Ecology. 2014 Mar;95(3):645-51. doi: 10.1890/13-1291.1.
The paper focused primarily on certain charges, claims, and interpretations of the P value as they relate to CIs and the AIC. It as argued that some of these comparisons and claims are misleading because they ignore key differences in the procedures being compared, such as (1) their primary aims and objectives, (2) the nature of the question posed to the data, as well as (3) the nature of their underlying reasoning and the ensuing inferences. In the case of the P value, the crucial issue is whether Fisher's evidential interpretation of the P value as "indicating the strength of evidence against H0" is appropriate. It is argued that, despite Fisher's maligning of the Type II error, a principled way to provide an adequate evidential account, in the form of post-data severity evaluation, calls for taking into account the power of the test. The error-statistical perspective brings out a key weakness of the P value and addresses several foundational issues raised in frequentist testing, including the fallacies of acceptance and rejection as well as misinterpretations of observed CIs: see Mayo-Spanos (2011). The paper also uncovers the connection between model selection procedures and hypothesis testing, revealing the inherent unreliability of the former. Hence, the choice between different procedures should not be "stylistic" (Murtaugh 2013), but should depend on the questions of interest, the answers sought, and the reliability of the procedures.
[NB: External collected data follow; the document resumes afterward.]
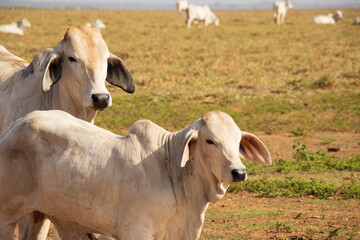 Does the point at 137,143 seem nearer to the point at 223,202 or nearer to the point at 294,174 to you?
the point at 223,202

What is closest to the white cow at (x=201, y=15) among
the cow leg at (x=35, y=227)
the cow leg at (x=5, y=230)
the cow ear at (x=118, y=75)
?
the cow ear at (x=118, y=75)

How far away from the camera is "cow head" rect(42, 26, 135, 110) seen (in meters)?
4.36

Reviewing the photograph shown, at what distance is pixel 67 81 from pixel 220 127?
1682 mm

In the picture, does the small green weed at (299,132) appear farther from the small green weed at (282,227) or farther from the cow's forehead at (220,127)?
the cow's forehead at (220,127)

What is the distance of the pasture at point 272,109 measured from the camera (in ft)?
18.4

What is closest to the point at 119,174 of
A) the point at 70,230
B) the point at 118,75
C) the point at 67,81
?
the point at 70,230

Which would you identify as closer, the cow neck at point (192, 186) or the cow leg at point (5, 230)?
the cow neck at point (192, 186)

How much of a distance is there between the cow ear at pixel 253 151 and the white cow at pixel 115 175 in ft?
0.19

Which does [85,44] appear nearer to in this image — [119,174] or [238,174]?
[119,174]

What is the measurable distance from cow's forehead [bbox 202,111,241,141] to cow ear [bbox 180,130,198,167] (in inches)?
3.8

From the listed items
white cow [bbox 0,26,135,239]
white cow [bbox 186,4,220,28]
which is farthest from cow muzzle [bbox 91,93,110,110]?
white cow [bbox 186,4,220,28]

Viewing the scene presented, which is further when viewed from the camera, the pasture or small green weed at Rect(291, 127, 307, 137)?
small green weed at Rect(291, 127, 307, 137)

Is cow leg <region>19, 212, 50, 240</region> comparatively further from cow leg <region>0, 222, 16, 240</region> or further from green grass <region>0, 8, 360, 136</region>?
green grass <region>0, 8, 360, 136</region>

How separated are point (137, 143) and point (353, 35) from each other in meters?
20.4
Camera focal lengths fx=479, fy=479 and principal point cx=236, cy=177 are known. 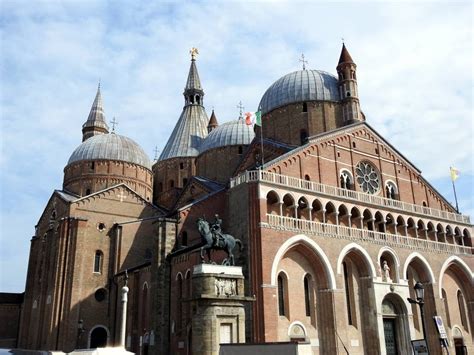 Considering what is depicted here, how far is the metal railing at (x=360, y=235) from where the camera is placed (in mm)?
26403

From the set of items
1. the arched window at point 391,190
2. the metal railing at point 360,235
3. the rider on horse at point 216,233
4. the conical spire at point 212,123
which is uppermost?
the conical spire at point 212,123

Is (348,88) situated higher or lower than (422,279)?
higher

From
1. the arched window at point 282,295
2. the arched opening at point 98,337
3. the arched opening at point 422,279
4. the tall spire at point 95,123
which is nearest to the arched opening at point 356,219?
the arched opening at point 422,279

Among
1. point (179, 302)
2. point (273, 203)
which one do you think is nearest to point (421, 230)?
point (273, 203)

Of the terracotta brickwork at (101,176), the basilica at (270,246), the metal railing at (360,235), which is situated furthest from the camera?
the terracotta brickwork at (101,176)

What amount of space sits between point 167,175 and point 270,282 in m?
25.1

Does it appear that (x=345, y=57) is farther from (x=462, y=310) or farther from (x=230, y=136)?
(x=462, y=310)

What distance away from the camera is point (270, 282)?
2444 cm

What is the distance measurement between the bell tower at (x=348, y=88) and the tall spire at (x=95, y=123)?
95.4 feet

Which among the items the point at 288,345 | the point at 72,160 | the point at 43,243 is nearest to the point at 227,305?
the point at 288,345

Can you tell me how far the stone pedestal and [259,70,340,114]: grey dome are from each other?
2063 cm

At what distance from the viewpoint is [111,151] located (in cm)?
4412

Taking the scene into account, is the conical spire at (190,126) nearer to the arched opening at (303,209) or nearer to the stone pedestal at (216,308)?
the arched opening at (303,209)

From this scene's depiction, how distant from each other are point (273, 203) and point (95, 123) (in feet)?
111
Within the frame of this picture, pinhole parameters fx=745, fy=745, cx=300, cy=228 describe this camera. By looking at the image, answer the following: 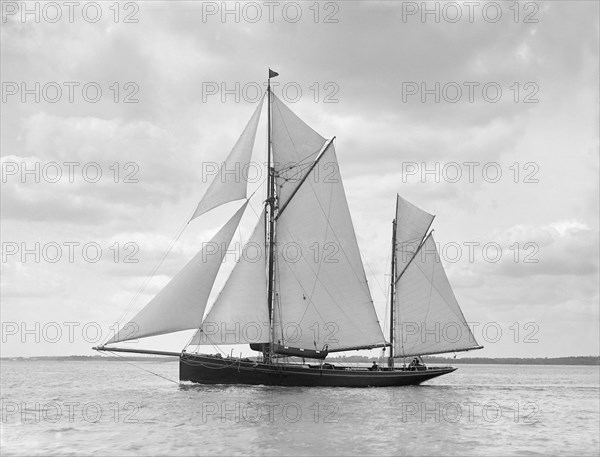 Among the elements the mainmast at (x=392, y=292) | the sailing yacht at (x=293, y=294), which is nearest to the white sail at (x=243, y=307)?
the sailing yacht at (x=293, y=294)

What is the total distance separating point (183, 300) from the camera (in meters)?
48.8

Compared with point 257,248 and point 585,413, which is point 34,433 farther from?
point 585,413

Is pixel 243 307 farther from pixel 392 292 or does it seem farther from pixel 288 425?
pixel 288 425

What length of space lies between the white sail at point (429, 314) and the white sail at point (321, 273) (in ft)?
18.0

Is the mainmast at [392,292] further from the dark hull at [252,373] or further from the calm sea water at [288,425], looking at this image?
the calm sea water at [288,425]

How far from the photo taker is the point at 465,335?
61688 mm

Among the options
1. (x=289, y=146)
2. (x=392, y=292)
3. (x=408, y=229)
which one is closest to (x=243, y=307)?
(x=289, y=146)

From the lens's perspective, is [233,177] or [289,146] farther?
[289,146]

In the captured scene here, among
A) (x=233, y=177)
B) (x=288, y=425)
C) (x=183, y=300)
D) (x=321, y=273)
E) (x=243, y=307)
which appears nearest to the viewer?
(x=288, y=425)

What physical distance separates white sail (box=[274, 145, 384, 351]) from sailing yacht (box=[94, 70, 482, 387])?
0.25 feet

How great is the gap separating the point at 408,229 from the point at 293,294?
44.1 feet

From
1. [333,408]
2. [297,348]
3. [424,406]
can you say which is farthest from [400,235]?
[333,408]

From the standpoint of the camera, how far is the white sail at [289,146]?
57344mm

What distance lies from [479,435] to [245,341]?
22.0 m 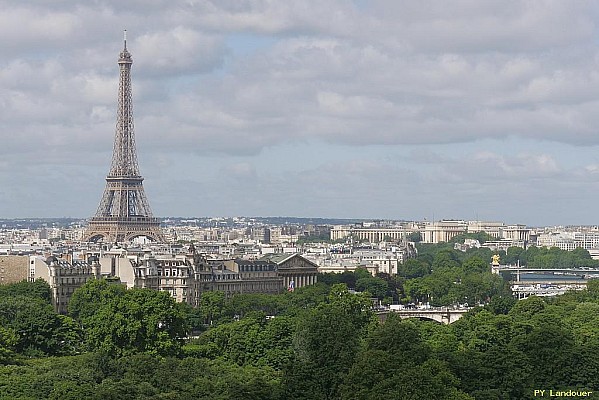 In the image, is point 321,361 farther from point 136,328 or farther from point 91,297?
point 91,297

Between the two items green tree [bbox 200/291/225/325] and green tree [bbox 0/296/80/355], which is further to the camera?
green tree [bbox 200/291/225/325]

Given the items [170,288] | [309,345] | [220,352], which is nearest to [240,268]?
[170,288]

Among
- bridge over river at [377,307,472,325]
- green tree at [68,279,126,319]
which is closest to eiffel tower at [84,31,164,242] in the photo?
bridge over river at [377,307,472,325]

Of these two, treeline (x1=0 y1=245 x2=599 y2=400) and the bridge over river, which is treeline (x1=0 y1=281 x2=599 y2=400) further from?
the bridge over river

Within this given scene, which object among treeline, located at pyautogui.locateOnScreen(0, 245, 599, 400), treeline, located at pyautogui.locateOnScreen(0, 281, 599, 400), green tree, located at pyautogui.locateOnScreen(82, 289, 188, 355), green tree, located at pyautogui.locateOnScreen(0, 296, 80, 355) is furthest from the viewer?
green tree, located at pyautogui.locateOnScreen(0, 296, 80, 355)

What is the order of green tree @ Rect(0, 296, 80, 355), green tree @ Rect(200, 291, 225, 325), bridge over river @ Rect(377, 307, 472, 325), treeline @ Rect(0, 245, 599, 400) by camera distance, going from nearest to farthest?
treeline @ Rect(0, 245, 599, 400) < green tree @ Rect(0, 296, 80, 355) < green tree @ Rect(200, 291, 225, 325) < bridge over river @ Rect(377, 307, 472, 325)

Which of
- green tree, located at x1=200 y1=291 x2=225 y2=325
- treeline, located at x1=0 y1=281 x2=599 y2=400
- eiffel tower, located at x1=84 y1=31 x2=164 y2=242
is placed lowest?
treeline, located at x1=0 y1=281 x2=599 y2=400

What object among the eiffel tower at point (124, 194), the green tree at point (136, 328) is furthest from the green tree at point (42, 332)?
the eiffel tower at point (124, 194)

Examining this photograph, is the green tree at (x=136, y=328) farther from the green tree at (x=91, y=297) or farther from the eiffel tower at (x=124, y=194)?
the eiffel tower at (x=124, y=194) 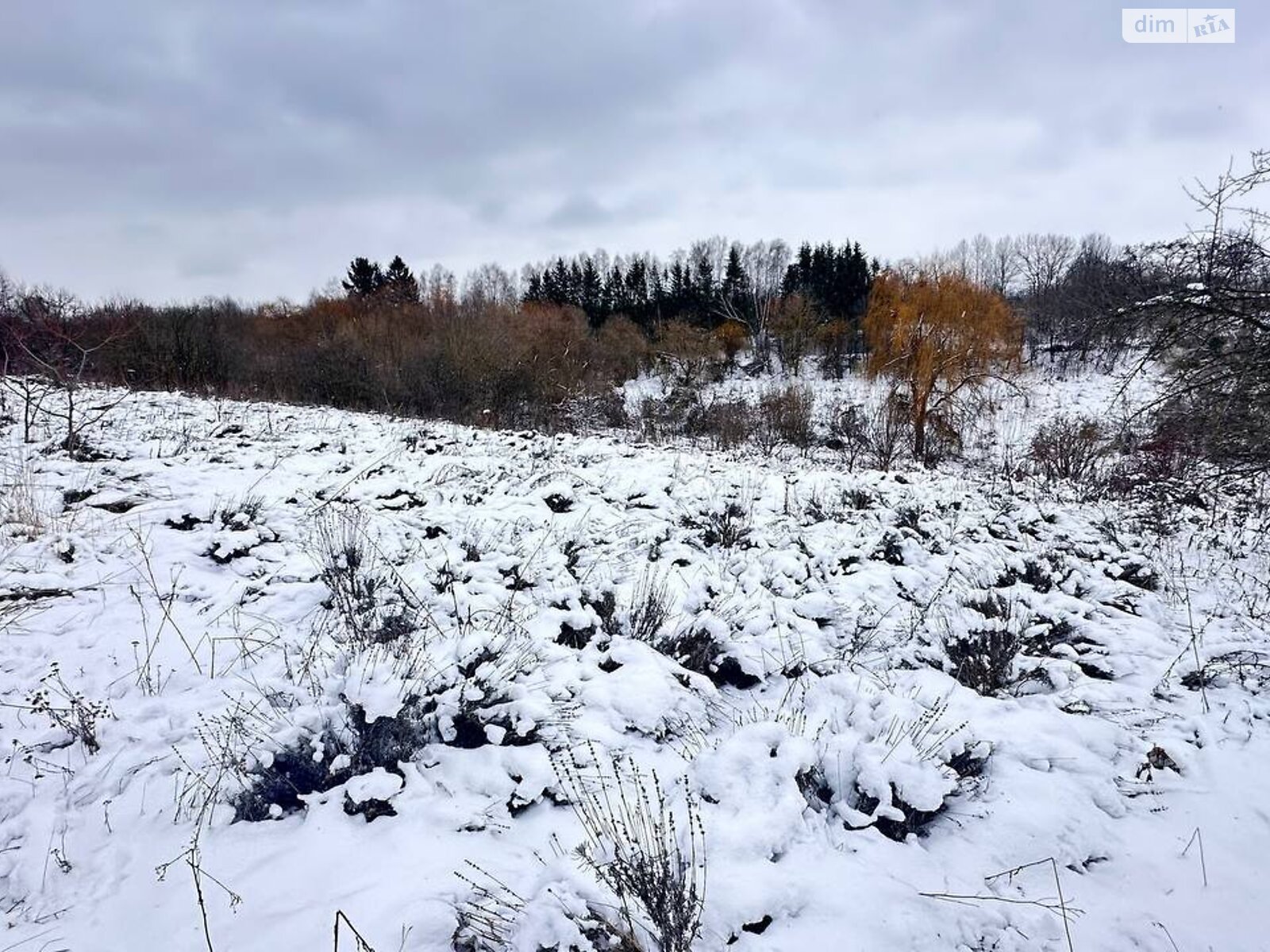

本文主要关注 P 值的某些特定指控、主张和解释,以及它们与置信区间(CI)和赤池信息量准则(AIC)的关系。本文认为,其中一些比较和主张具有误导性,因为它们忽略了正在比较的程序之间的关键差异,例如:(1)它们的主要目的和目标;(2)对数据提出的问题的性质;以及(3)其基础推理的性质以及随之而来的推断。就 P 值而言,关键问题是费希尔(Fisher)将 P 值的证据解释为“表示反对 H0 的证据强度”是否合适。本文认为,尽管费希尔对第二类错误进行了诋毁,但一种提供充分证据解释的原则方法,即通过后数据严重程度评估的方式,要求考虑测试的功效。误差统计观点揭示了 P 值的一个关键弱点,并解决了频率派检验中提出的几个基础问题,包括接受和拒绝的谬误以及对观察到的置信区间的误解:见 Mayo-Spanos(2011)。本文还揭示了模型选择程序和假设检验之间的联系,揭示了前者固有的不可靠性。因此,不同程序之间的选择不应是“风格化”的(Murtaugh 2013),而应取决于感兴趣的问题、寻求的答案以及程序的可靠性。